BCG infection suppresses allergic sensitization and development of increased airway reactivity in an animal model

Background: Epidemiologic studies suggest an inverse correlation between infections and development of atopy. The purpose of this study was to test the hypothesis whether a preexisting T-H1-type immune response elicited by BCG immunization could suppress allergic sensitization and airway hyperreactivity in an animal model. Methods: BALB/c mice were immunized with BCG and/or sensitized to ovalbumin. Results: BCG immunization alone resulted in cutaneous type-IV hypersensitivity reactions to tuberculin and granulomatous lesions in the liver. Splenic mononuclear cells (MNCs) produced increased levels of IFN-gamma after activation by Concanavalin A (ConA). Ovalbumin sensitization alone resulted in increased production of IL-4 after activation by ConA. Ovalbumin-sensitized animals also demonstrated markedly elevated anti-ovalbumin IgE/IgG1 serum antibody titers and increased airway reactivity after allergen challenges by means of the airways.

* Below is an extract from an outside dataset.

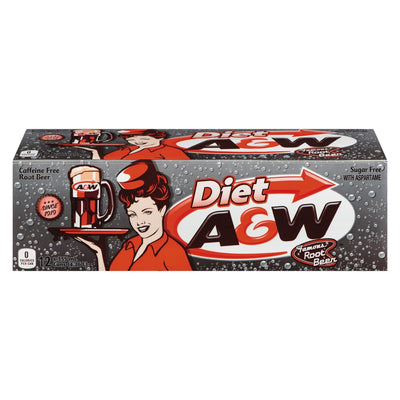 A&W Diet Root Beer Fridge Mate 12pk [355ml]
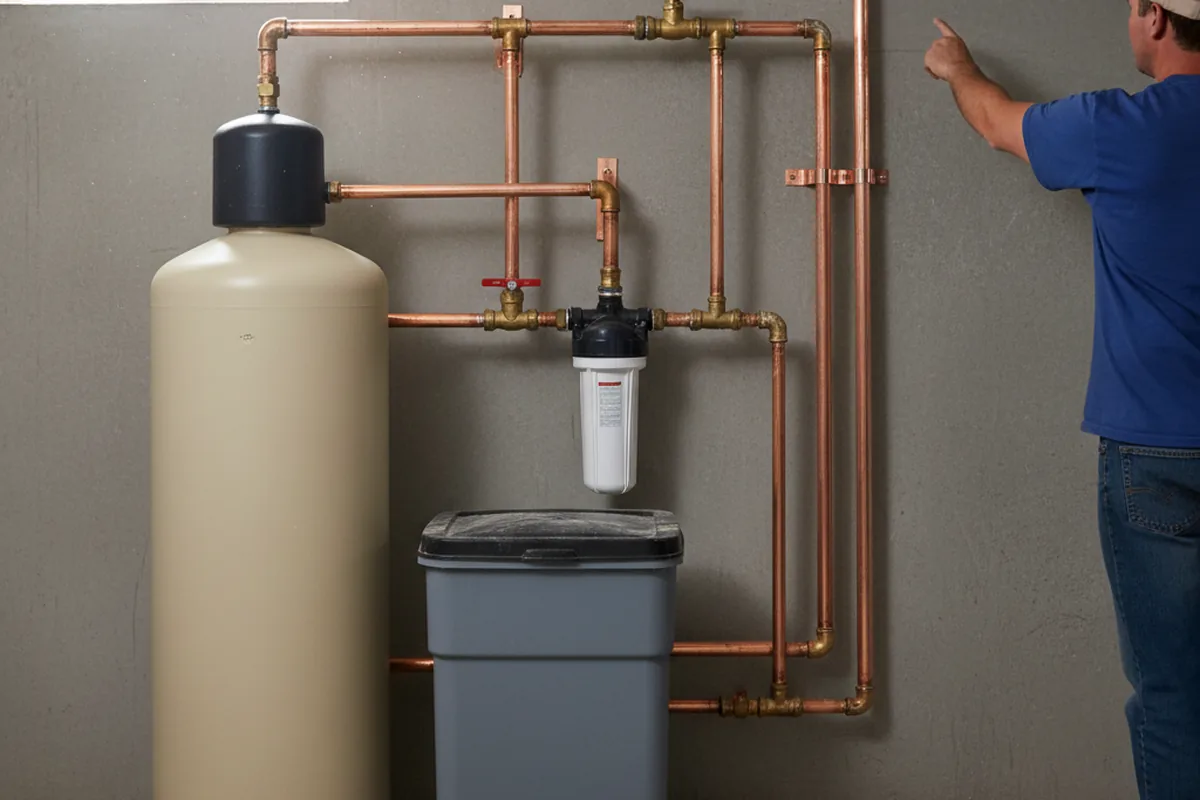 Whole-house water treatment system installed in Waco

BCG immunization 14 days before the start of ovalbumin sensitization markedly hindered the development of allergic responses as indicated by (1) increased IFN-gamma and normalized IL-4 and IL-10 production by splenic MNCs after activation with ConA, (2) a reduced proliferation rate of splenic MNCs after ovalbumin restimulation, (3) partial prevention of ovalbumin-specific IgE/IgG1 serum antibody titers but elevated (nonallergic) anti-ovalbumin IgG2a serum antibody titers, (4) prevention of airway responsiveness, (5) reduced eosinophilic influx into the airway lumen, and (6) reduced levels of IL-4 and IL-5 in broncho alveolar lavage fluids. Conclusion: In this model BCG immunization established a T-H1-type immune response that hinders allergic sensitization and the development of increased airway reactivity.